From fascinating rock formations to curious inhabitants and intriguing heritage – Jo Price investigates the best caves that you can visit around the world
Caving doesn’t just have to be a pastime for daredevils donning equipment and crawling on their bellies into the dark. If you're a beginner, here are some of the most spectacular worldwide caves you can access without having to fear navigating pitches and squeezing through small gaps.
Formed over 30 million years ago, there are two levels to the Waitomo caves which are 16 metres apart. The highlight of these caves is the Glowworm Grotto – thousands of tiny creatures, scattered across the cave ceiling, radiate their luminescent light. It's a magical spot for a boat ride...
Try black water rafting through the underworld of Ruakuri Cave for something more exhilarating. The adrenaline fuelled activity involves abseiling, weaving, jumping, and floating through a glowing, subterranean wonderland below Waitomo.
The limestone Indian Caverns above Spruce Creek in Pennsylvania offer a unique glimpse into Native American history. Discovered in 1928 the caves and intricate passageways soon revealed arrowheads, artifacts and skeletal remains. These relics were identified by the US National Museum as belonging primarily to the Mohawk and Lenape tribes.
Crystal Lakes at Indian Caverns (Flickr C/C: Melanie)
Guided tours operate on weekends throughout April and May. Groups of ten or more can make an appointment for educational tours out of season. Back on the Earth's surface, absorb the region's captivating history and appreciate the surrounding pine and maple woods – keep a lookout for white-tailed deer, chipmunks and raccoons.
Best for… families
Ten miles of unique caves near Swansea, Wales, unveil a wonderland of stalactites and stalagmites. Dan-yr-Ogof Cave, Bone Cave and Cathedral Cave provide educational and entertaining exhibits for adults and children alike.
National Showcaves Centre, Wales (Photography by GeoPictures.net)
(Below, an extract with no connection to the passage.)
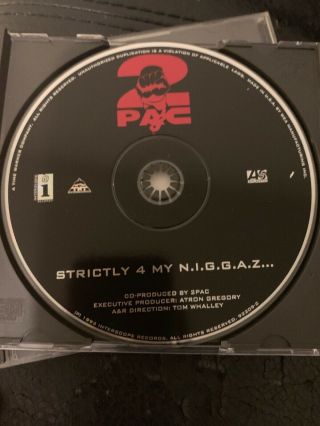 MUSIC CD ALBUM 2 PAC STRICTLY 4 MY N.  I.  G.  G.  A.  Z.  16 TRACKS TUPAC SHAKUR RARE 3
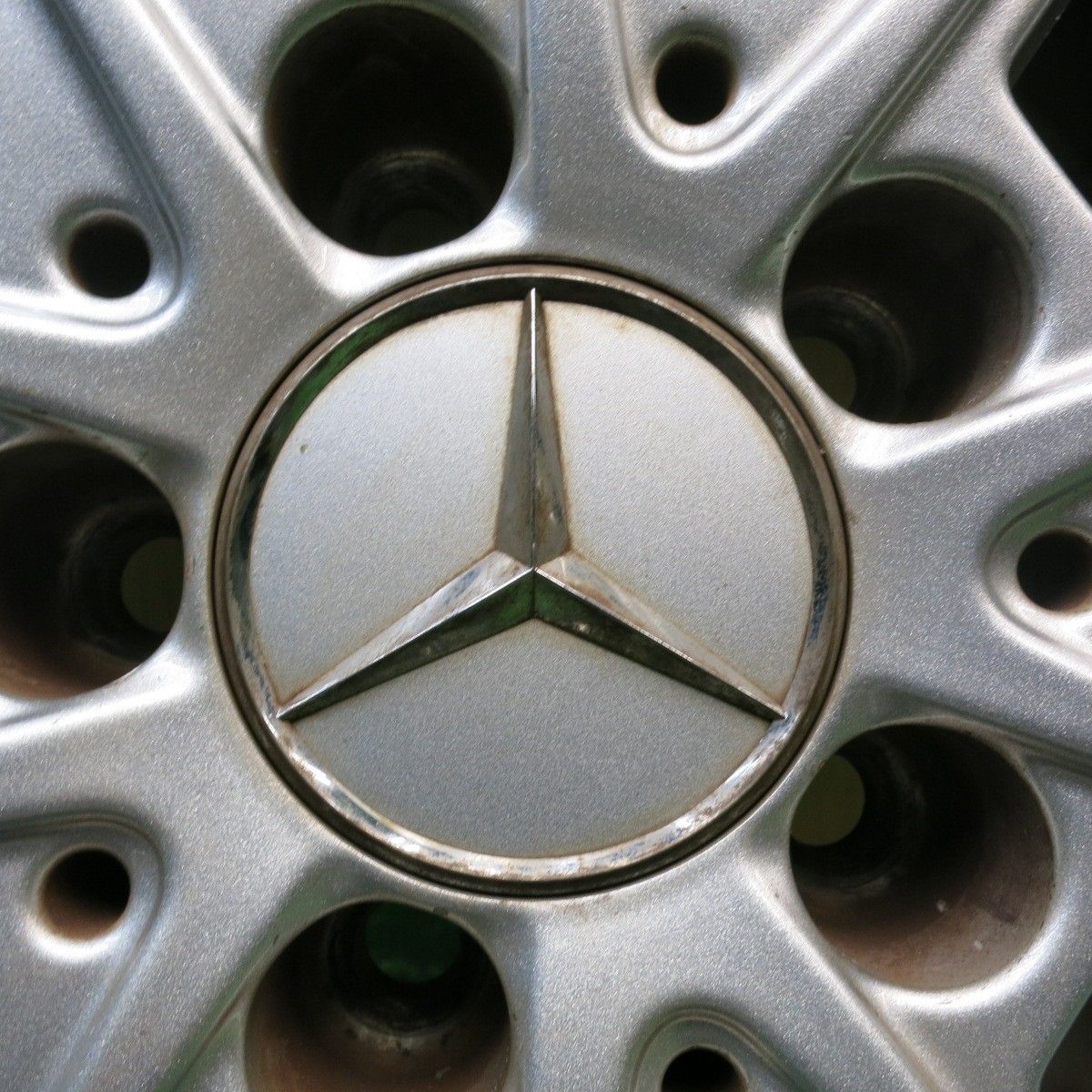 4本価格☆ベンツ W177 Aクラス 純正 205/60R16 スタッドレス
The aptly named Bone Cave has been the site of the discovery of 42 human skeletons in its chamber. Many of the bones date back to the Bronze Age over 3,000 years ago. Red deer bones, claimed to be over 7,000 years old, have also been found, in addition to Roman relics that prove Roman legions were stationed in the area in the past.
Best for… ice formations
At the end of the 19th century Eisriesenwelt in Austria was only known to hunters and poachers. In 1879 Anton Posselt, a scientist from Salzburg, pushed 200m into the darkness of the caves and discovered the 40km labyrinth. It is believed that the first cracks and crevices in the limestone appeared during the elevation of the mountains around 100 million years ago.
Eisriesenwelt Ice Cave (Flickr C/C: Inspiration Point Studio)
Eisriesenwelt is a dynamic cave, meaning that the corridors and crevices connect lower-lying entrances to higher openings, making it possible for drafts of air to circulate. This infrastructure is responsible for creating the wonderful ice formations visible in the caves today – spring meltwater seeps through the cracks in the rock and when it reaches the colder lower areas of the caves it freezes.
Phong Nha's magnificent grottos are filled with spectacular stalagmites and stalactites and are distinctive examples of a complex karst landform. This has resulted in underground rivers and the development of a maze of caves. It's no surprise that the caves have been granted UNESCO world heritage status.
Phong Nha National Park, Vietnam (Shutterstock)
Phong Nha is also a fossil-rich site and a location where new caves are still being discovered. The entrance to the 44.5km, nine-cave system is via an underground river that connects with the Son River – tour boats can penetrate inside to a distance of 1,500m.
Phong Nha is situated at the center of Quang Binh province in north-central Vietnam, 500km south of Hanoi. There are lots of trekking, kayaking and swimming opportunities locally too. Be sure to lookout for a multitude of beautiful butterflies if you are there in March, April or May.